“Your daughter is not blind… it is your wife who has been putting something in her food.”

“Your daughter is not blind… it is your wife who has been putting something in her food.”

The afternoon heat beat down on the city of Accra, making the air thick and restless. In a quiet park tucked away among busy streets, long shadows stretched across the grass.

But Marcus Bennett barely noticed any of that.

He had once been a feared titan in the world of international finance; his name commanded respect from glass towers to bustling markets. Yet today he sat hunched over a wooden bench, looking like a man defeated by something money couldn’t fix.

Sitting next to her was her seven-year-old daughter, Lila.

She clutched a white cane in her small hands.

Even in that sweltering heat, she wore a thick sweater, as if trying to protect herself from a world she could no longer see.
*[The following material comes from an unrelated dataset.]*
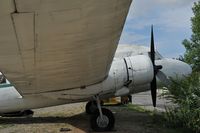 G-AGRW @ SCHWECHAT - Vickers Viking - by Dietmar Schreiber - VAP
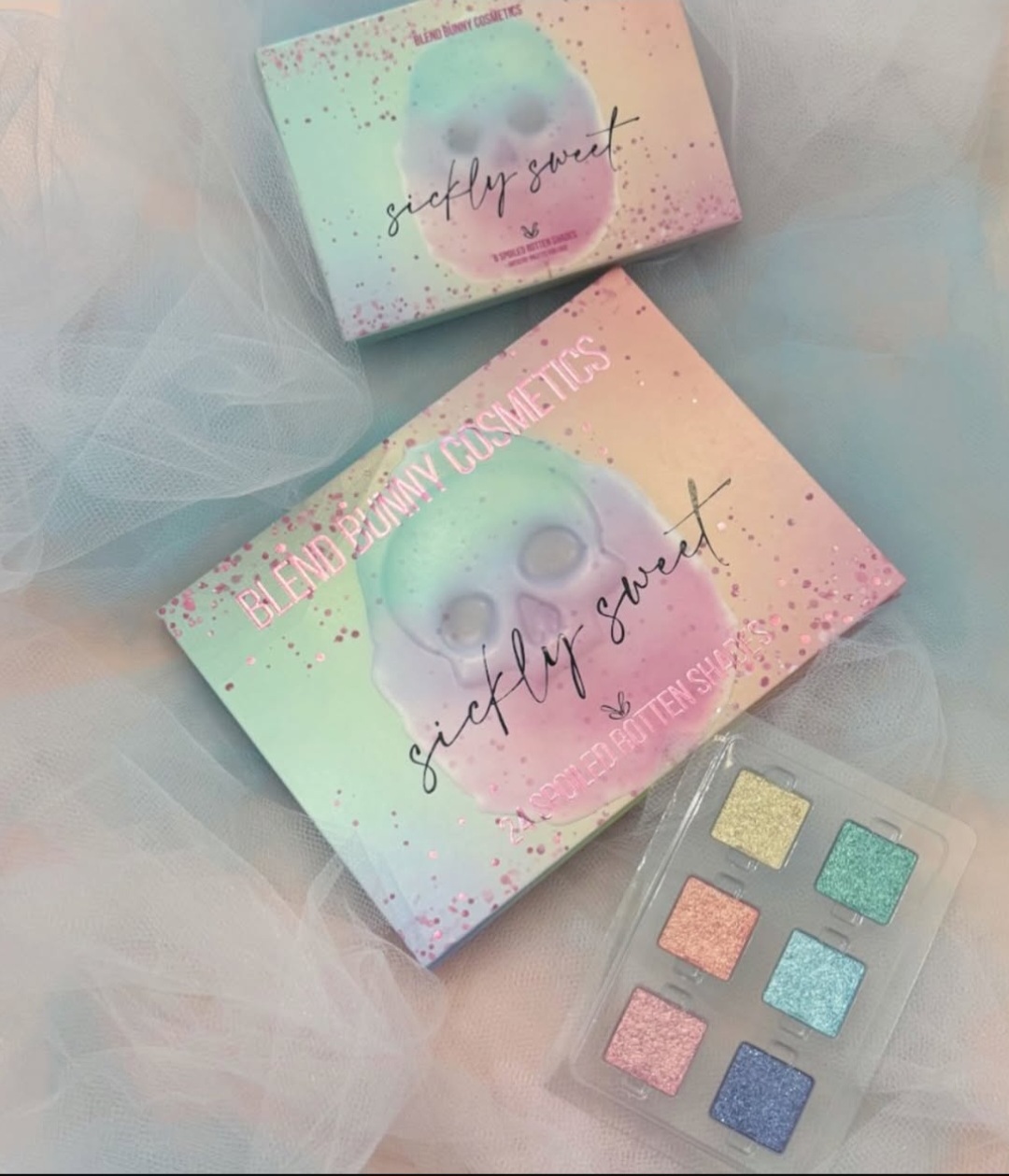 @Blend Bunny Cosmetics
Marcus glanced at his watch out of habit, but time meant nothing anymore. For six months, his daughter’s eyesight had been fading, dying irretrievably no matter how many specialists he flew in.

London. Dubai. New York.

Always the same answer.

A rare degenerative disease.

But deep down, Marcus didn’t believe it.

Because it didn’t seem natural.

He felt… bad.

“Dad,” Lila whispered softly, “is it night already?”

Marcus’s chest tightened.

It was only mid-afternoon.

“No, darling,” she said, forcing a calm tone in her voice. “It’s just some clouds passing by.”

That’s when he noticed the child.

I wasn’t begging. I wasn’t selling anything.

I was just standing there… watching.

He looked about ten years old, dressed in worn clothes, but his eyes… his eyes were steady, sharp, almost unsettling.

Marcus sighed, already irritated. “Not today, kid. Go your own way.”

The child did not move.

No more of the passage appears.